The Usefulness of Philosophy

I came across a comment on a blog recently where the author adjured the other participants to stop “philosophizing” so much and get down to the real matter at hand. This reminded me that, for many people, “philosophy” is a term of abuse. For them, philosophy is pointless blather among elitist twits with no practical consequence - the very opposite of anything practical and useful.

Given the name of this blog, you can guess that I don’t agree with this negative sentiment. I won’t deny there are some philosophers and some philosophies that I think are pointless blather, but to take them as our basic definition is to throw the baby out with the bath water.

I want to propose that philosophy is the study of mental models, and, as I said in my previous post, I think mental models are the basis of our competence.
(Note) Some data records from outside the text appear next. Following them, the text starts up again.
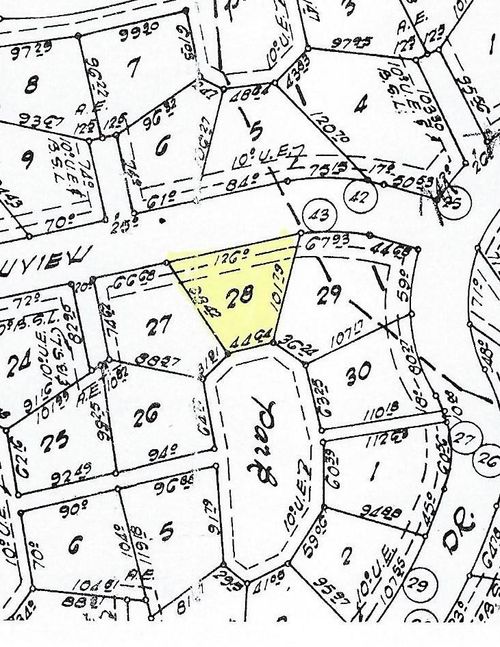 45 Meadowview Dr, Trinity, TX, 75862-8902 | Card Image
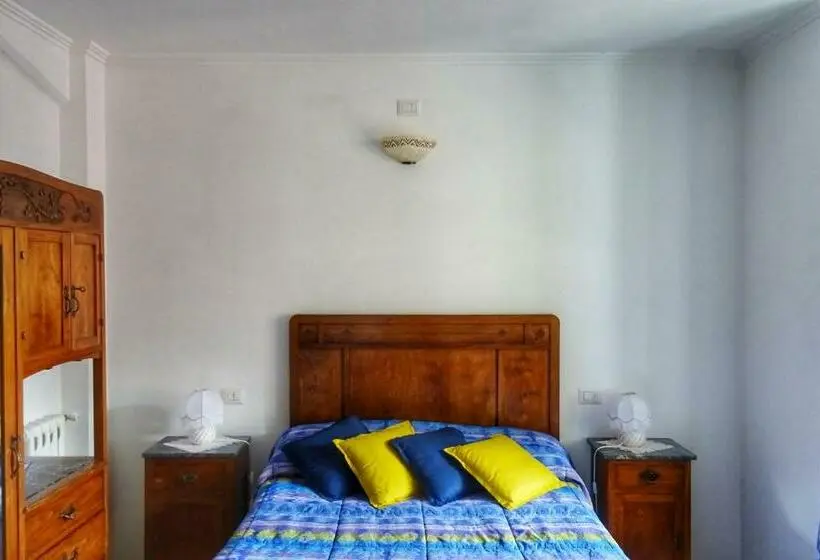 スタンダードルーム, Bed And Breakfast Le Quattro Stagioni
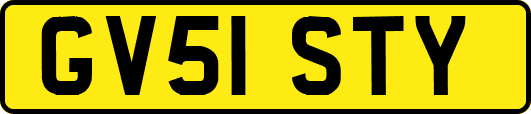 GV51STY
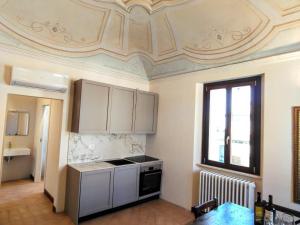 Apartment in Pesaro with pool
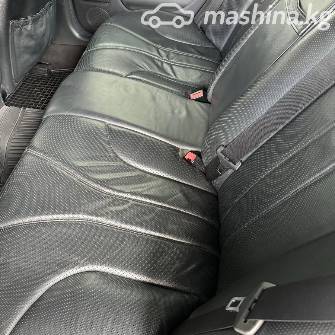 Mercedes-Benz E-Класс AMG II (W210, S210) Рестайлинг 55 AMG 5.4 AT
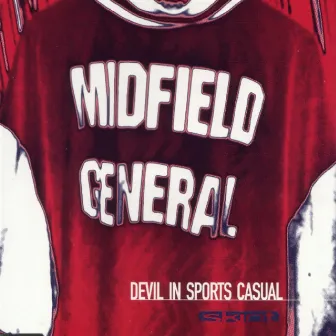 Devil in Sports Casual by Midfield General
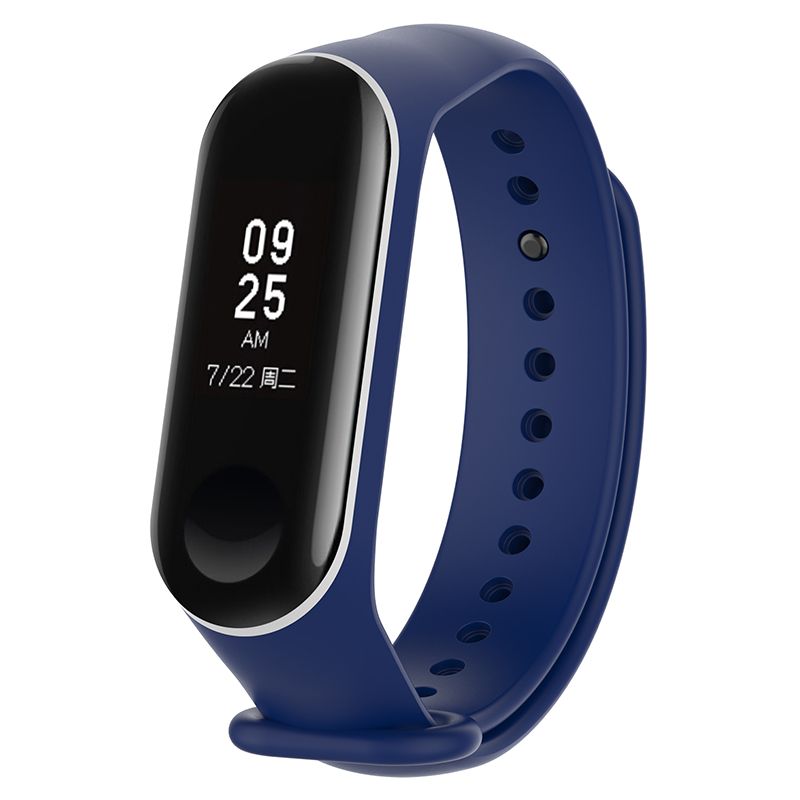 mi band 2 relogio
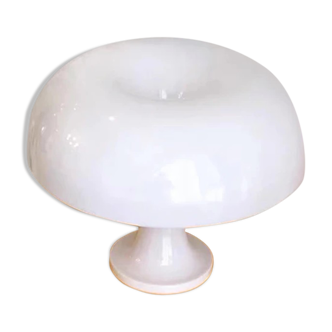 Mushroom lamp. 60s-70s style. italian design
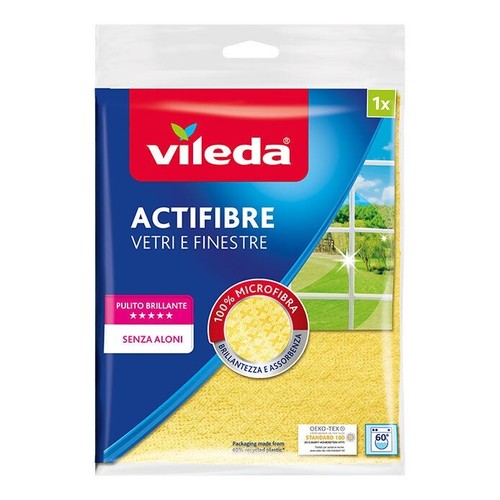 Vileda actifibre panno - vileda,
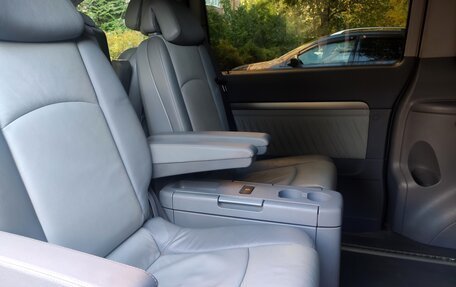 Mercedes-Benz Viano, 2010 год, 2 100 000 рублей, 15 фотография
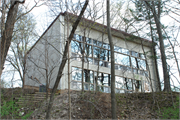 517 EUGENIA AVE 517 EUGENIA AVE, a Contemporary house, built in Madison, Wisconsin in 1960.
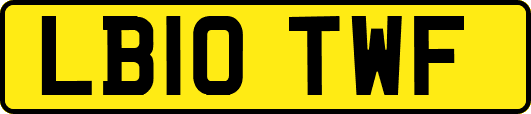 LB10TWF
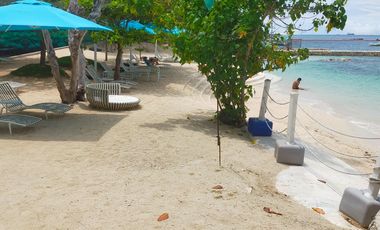 Studio Condo at Beach Resort For Sale in Mactan Lapu-Lapu Cebu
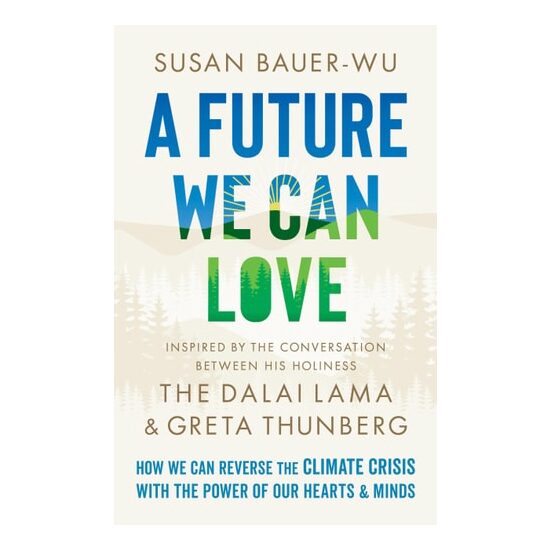 A Future We Can Love: How We Can Reverse The Clima(...) - Imagine 1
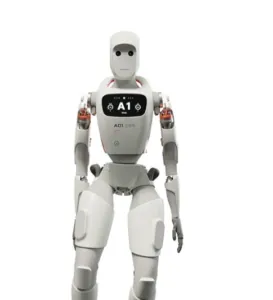 Apptronik-Astra-artec robotics 1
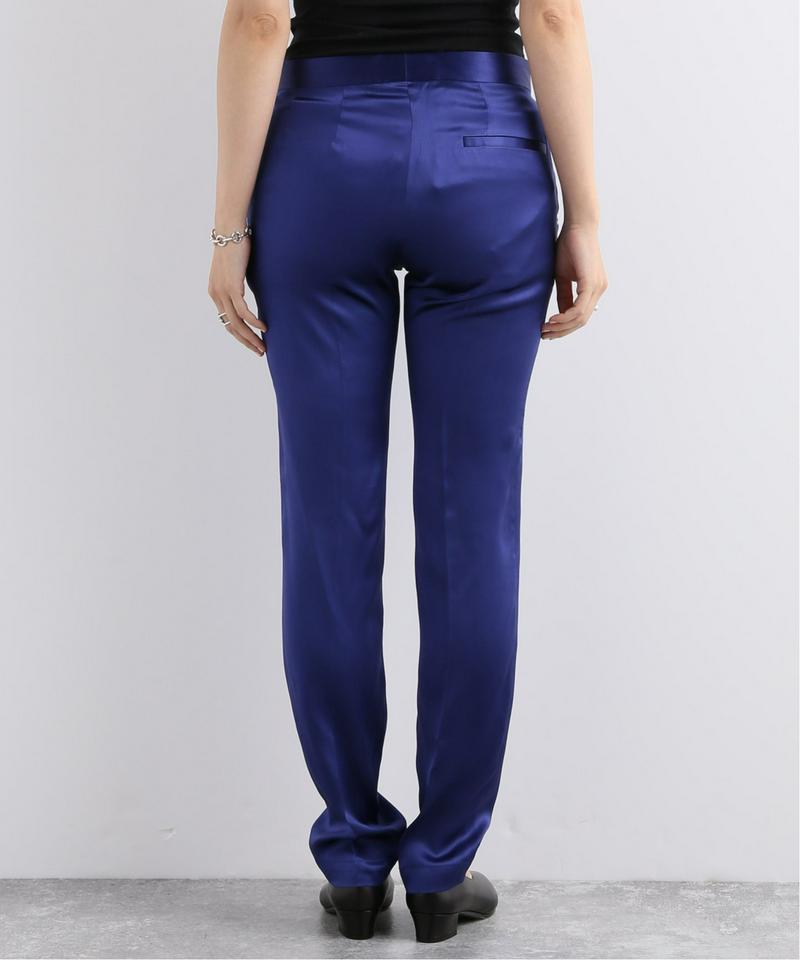 【CASABLANCA/カサブランカ】De Soiree Trousers 002:パンツ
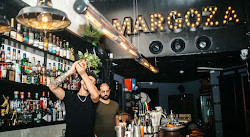 Margoza-bar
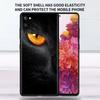Мягкий чехол для Samsung Galaxy Note 20 Ultra 10 Plus Lite A50 A70 A20 A40 A20e 9 8 A60 A10e Funda, чехол для телефона, милый чехол с изображением кота Aniaml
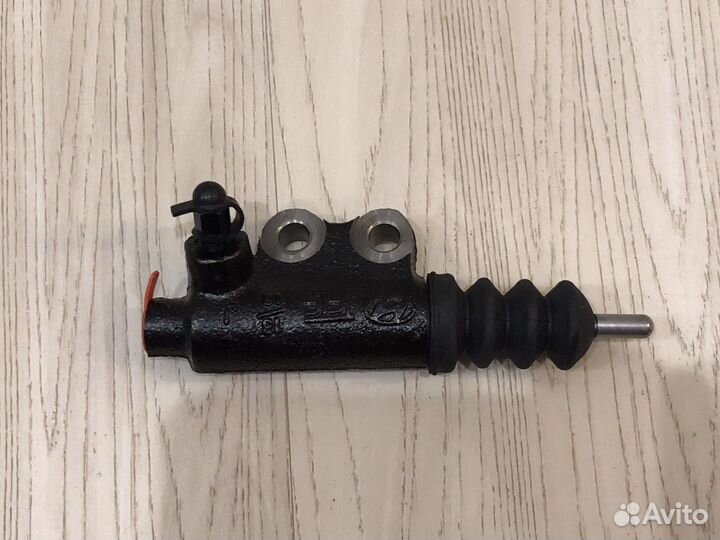 Рабочий Цилиндр Сцепления Hyundai/KIA 417004A101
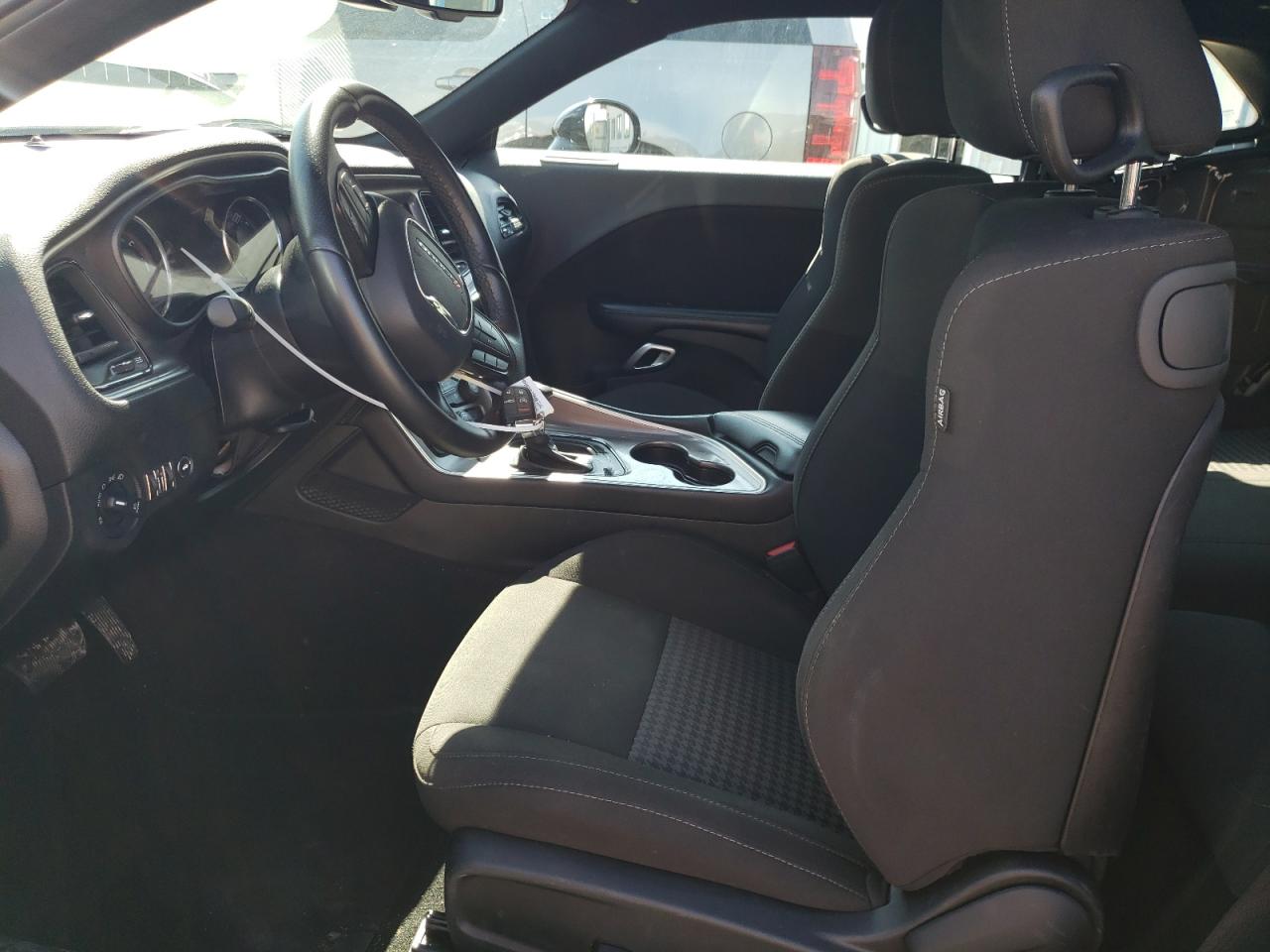 2022 Dodge Challenger Gt VIN: 2C3CDZJG8NH226635 Lot: 65674234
Since our competence determines how well we manage and how effective we are at realizing our goals, there is obvious practical importance in understanding how mental models work, getting used to taking them apart and building new ones.

As I explained in my very first post regarding my chosen name for the blog, I think software development is an eminently philosophical activity. It is all about constructing mental models of systems and manipulating those systems using the mental models. It doesn’t matter whether these systems are machines, protocols, teams, problem domains, programming languages, etc: how effectively you work with them depends on your ability to construct and manipulate good mental models of how they work.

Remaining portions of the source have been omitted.